> **PROMPT**:
The lines below, from the one holding "Abyss Black Pearl" through the one holding "Самые красивые черные", are to be restated word for word, with all images left out.

> **DATA SUPPLIED**:
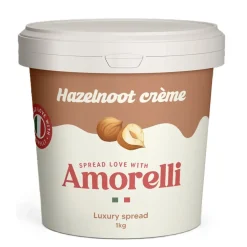 Outlet Amorelli Hazelnoot Spread 1kg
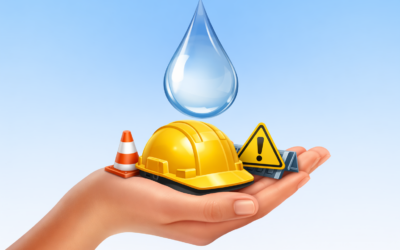 Travaux sur le château d’eau de Mozé-sur-Louet : information aux habitants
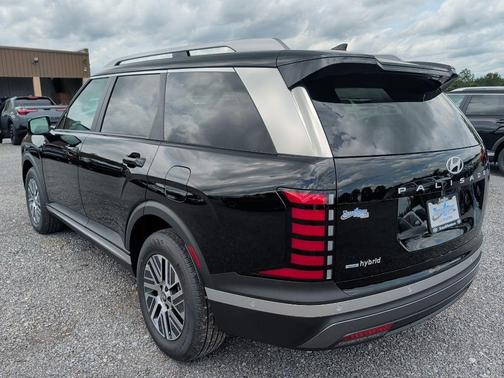 Abyss Black Pearl 2026 Hyundai Palisade Hybrid Blue SEL Premium 8P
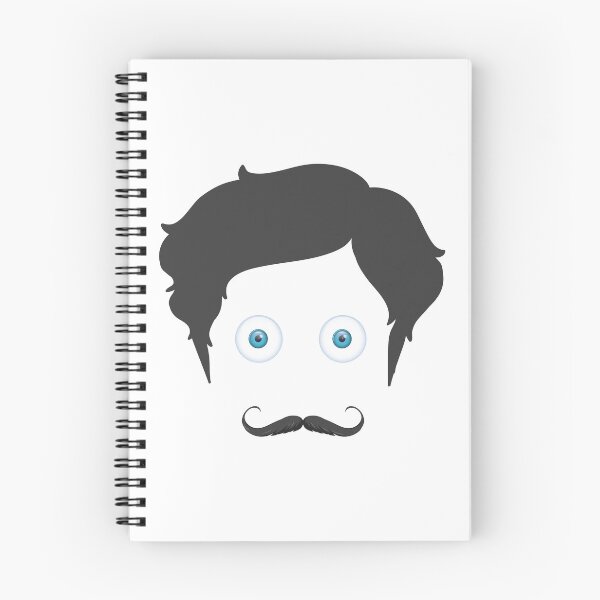 Item preview, Minions Funny Mustache Face designed and sold by sundardesigns.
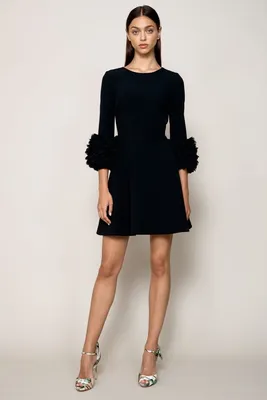 Самые красивые черные платья 2023-2024 – лучшие фасоны и модели черных  платьев | Fashion, Classy black dress outfit, Black dresses classy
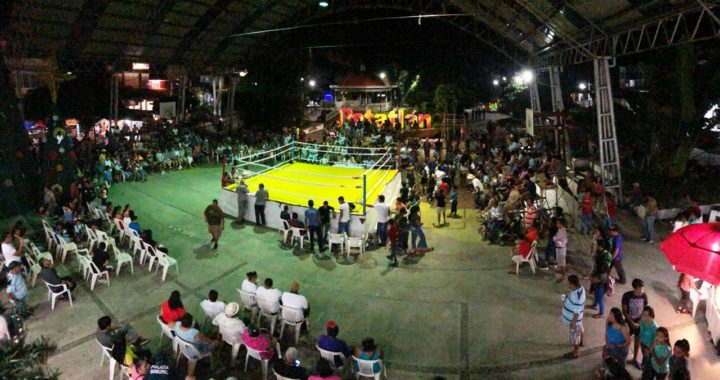 EXITOSA FUNCIÓN DE BOX POR PARTE DEL GOBIERNO MUNICIPAL DE PETATLÁN.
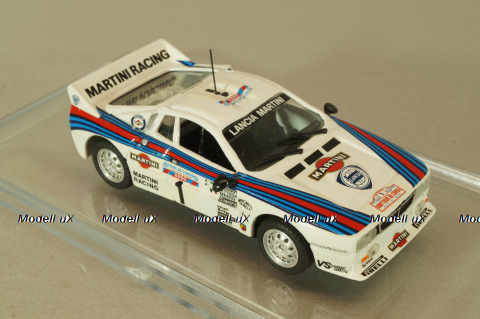 Lancia Rally 037 #1 Tour de Corse 1982, 034A, Vitesse 1:43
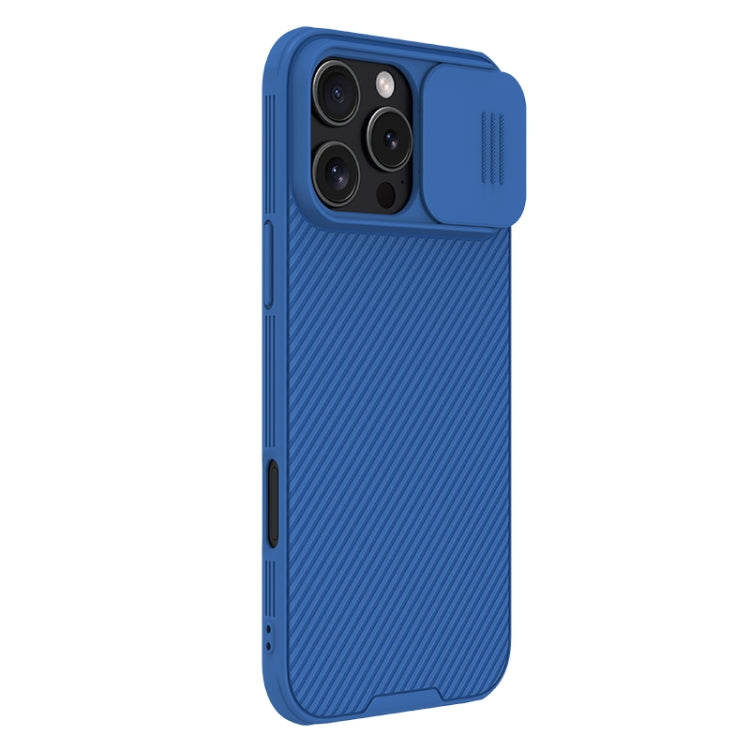 For iPhone 16 Pro Max NILLKIN CamShield Pro PC Phone Case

> **ANSWER SECTION**:
 Abyss Black Pearl 2026 Hyundai Palisade Hybrid Blue SEL Premium 8P
 Item preview, Minions Funny Mustache Face designed and sold by sundardesigns.
 Самые красивые черные платья 2023-2024 – лучшие фасоны и модели черных  платьев | Fashion, Classy black dress outfit, Black dresses classy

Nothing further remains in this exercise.